● **ASSIGNED TASK**
Using the listing below, print exactly everything from the line with "Houten bureau, Ophalen, Gebruikt, Hout, Bruin" down to the line with "Damska bluza z", both included, and nothing more.

● **DATA FOR THIS TASK**

• • • •

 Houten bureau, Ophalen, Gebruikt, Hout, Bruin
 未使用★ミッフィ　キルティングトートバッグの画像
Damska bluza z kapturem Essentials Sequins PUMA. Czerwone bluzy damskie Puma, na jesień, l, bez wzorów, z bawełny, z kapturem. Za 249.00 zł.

• • • •

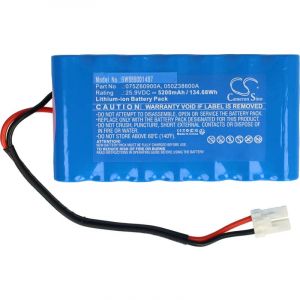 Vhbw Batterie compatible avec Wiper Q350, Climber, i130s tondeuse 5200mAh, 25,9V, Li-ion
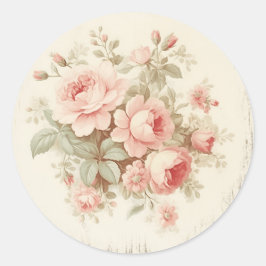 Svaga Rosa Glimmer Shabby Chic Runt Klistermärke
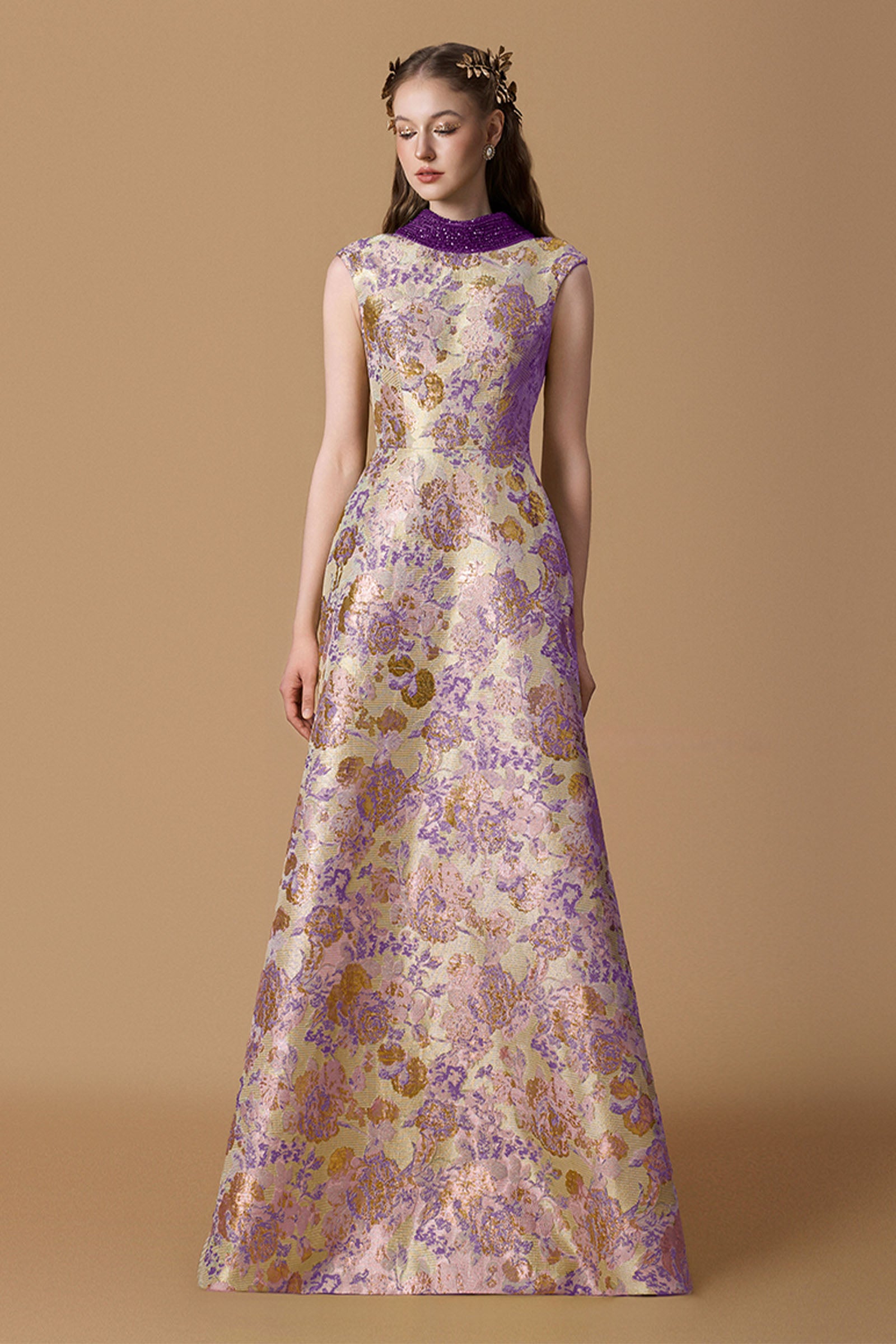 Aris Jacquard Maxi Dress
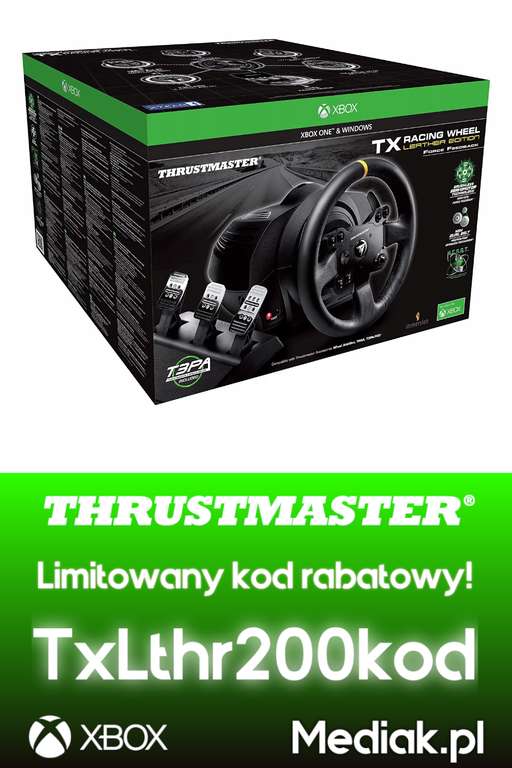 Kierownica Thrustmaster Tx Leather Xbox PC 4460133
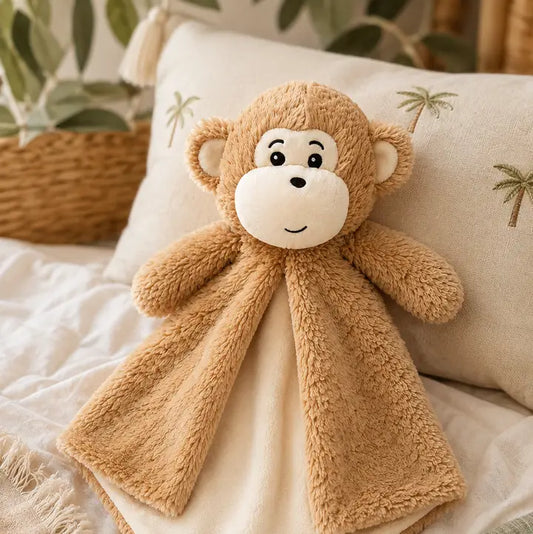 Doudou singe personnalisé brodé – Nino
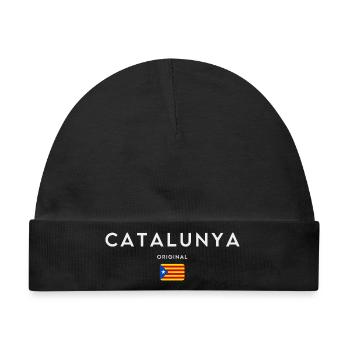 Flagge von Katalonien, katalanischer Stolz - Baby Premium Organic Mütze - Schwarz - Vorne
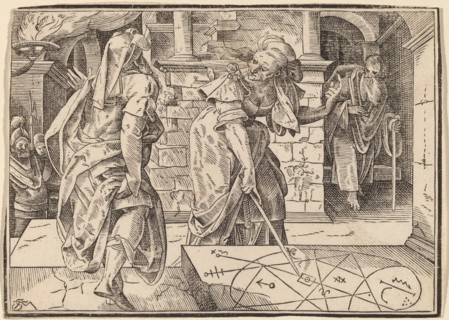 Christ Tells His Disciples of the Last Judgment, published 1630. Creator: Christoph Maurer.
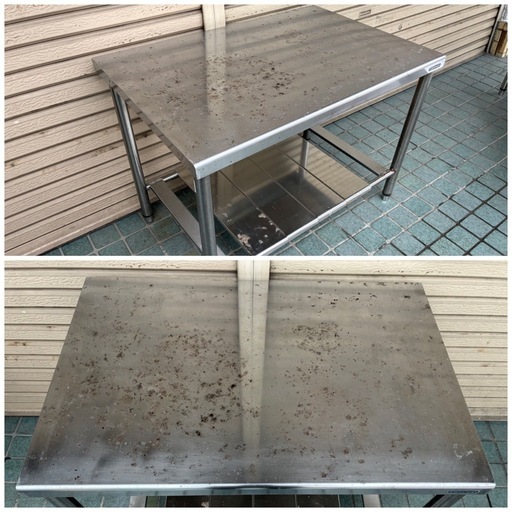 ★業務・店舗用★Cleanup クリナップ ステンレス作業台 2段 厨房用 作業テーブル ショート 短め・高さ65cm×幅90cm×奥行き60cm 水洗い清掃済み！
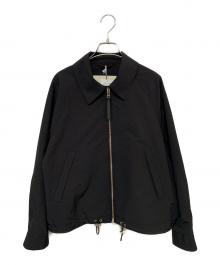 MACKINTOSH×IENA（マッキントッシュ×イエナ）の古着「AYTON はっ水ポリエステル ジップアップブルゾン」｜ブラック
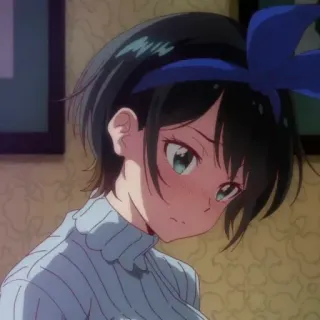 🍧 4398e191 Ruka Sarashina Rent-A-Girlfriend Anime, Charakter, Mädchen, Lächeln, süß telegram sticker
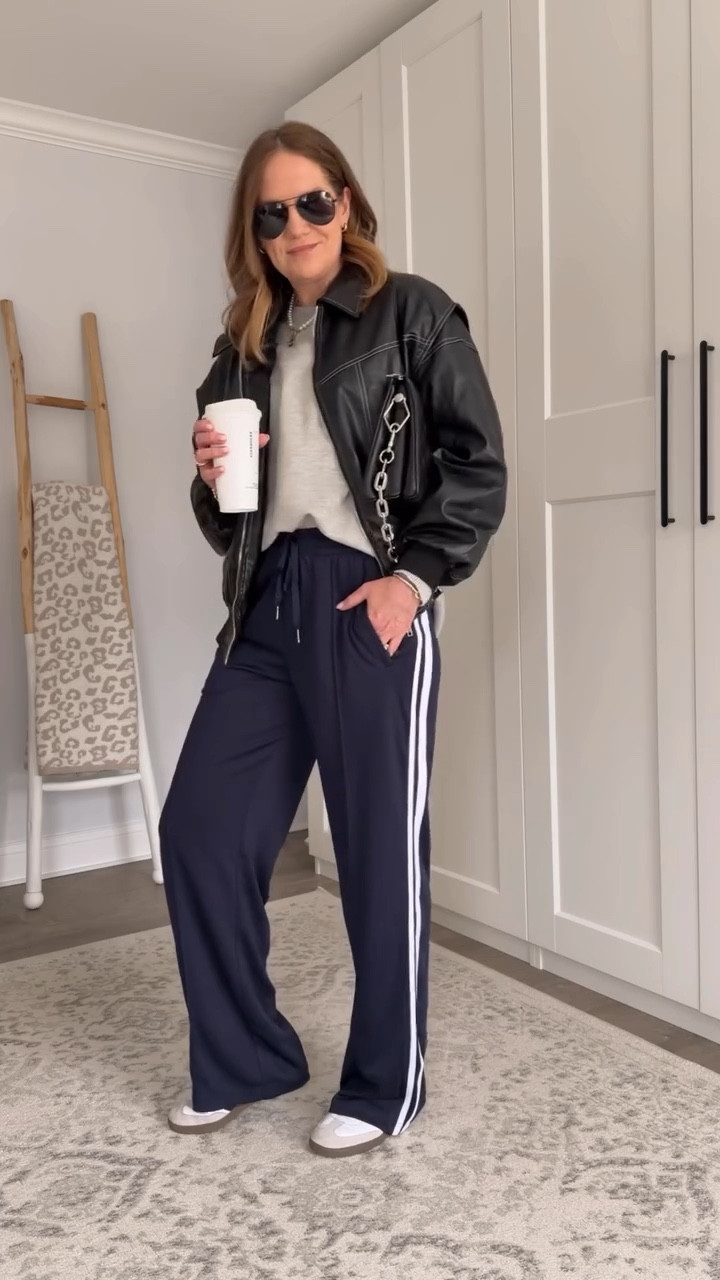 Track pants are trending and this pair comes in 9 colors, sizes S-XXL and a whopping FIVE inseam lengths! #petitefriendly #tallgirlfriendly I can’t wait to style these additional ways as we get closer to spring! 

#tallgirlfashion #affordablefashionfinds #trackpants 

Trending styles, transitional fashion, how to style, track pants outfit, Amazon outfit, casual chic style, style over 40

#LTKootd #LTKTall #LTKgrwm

• • • •

● **OUTPUT FOR THIS TASK**
 Houten bureau, Ophalen, Gebruikt, Hout, Bruin
 未使用★ミッフィ　キルティングトートバッグの画像
Damska bluza z kapturem Essentials Sequins PUMA. Czerwone bluzy damskie Puma, na jesień, l, bez wzorów, z bawełny, z kapturem. Za 249.00 zł.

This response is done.